EXERCISE BRIEF :: The expected output is every entry, repeated word for word.

(Beginning of SOURCE MATERIAL)

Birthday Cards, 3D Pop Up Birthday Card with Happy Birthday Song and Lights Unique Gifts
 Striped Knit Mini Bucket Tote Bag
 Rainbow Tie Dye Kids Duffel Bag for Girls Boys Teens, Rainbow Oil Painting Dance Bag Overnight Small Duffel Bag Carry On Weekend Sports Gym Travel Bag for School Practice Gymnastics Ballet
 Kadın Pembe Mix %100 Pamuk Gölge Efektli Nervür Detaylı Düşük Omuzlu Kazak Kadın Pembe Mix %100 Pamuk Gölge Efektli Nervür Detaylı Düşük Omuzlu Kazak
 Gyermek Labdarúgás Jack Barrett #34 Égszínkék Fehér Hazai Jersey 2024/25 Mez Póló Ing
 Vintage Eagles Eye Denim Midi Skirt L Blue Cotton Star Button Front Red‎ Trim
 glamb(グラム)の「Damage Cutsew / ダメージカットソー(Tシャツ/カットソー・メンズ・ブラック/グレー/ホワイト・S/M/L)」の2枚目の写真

(End of SOURCE MATERIAL)

TASK RESPONSE ::
Birthday Cards, 3D Pop Up Birthday Card with Happy Birthday Song and Lights Unique Gifts
 Striped Knit Mini Bucket Tote Bag
 Rainbow Tie Dye Kids Duffel Bag for Girls Boys Teens, Rainbow Oil Painting Dance Bag Overnight Small Duffel Bag Carry On Weekend Sports Gym Travel Bag for School Practice Gymnastics Ballet
 Kadın Pembe Mix %100 Pamuk Gölge Efektli Nervür Detaylı Düşük Omuzlu Kazak Kadın Pembe Mix %100 Pamuk Gölge Efektli Nervür Detaylı Düşük Omuzlu Kazak
 Gyermek Labdarúgás Jack Barrett #34 Égszínkék Fehér Hazai Jersey 2024/25 Mez Póló Ing
 Vintage Eagles Eye Denim Midi Skirt L Blue Cotton Star Button Front Red‎ Trim
 glamb(グラム)の「Damage Cutsew / ダメージカットソー(Tシャツ/カットソー・メンズ・ブラック/グレー/ホワイト・S/M/L)」の2枚目の写真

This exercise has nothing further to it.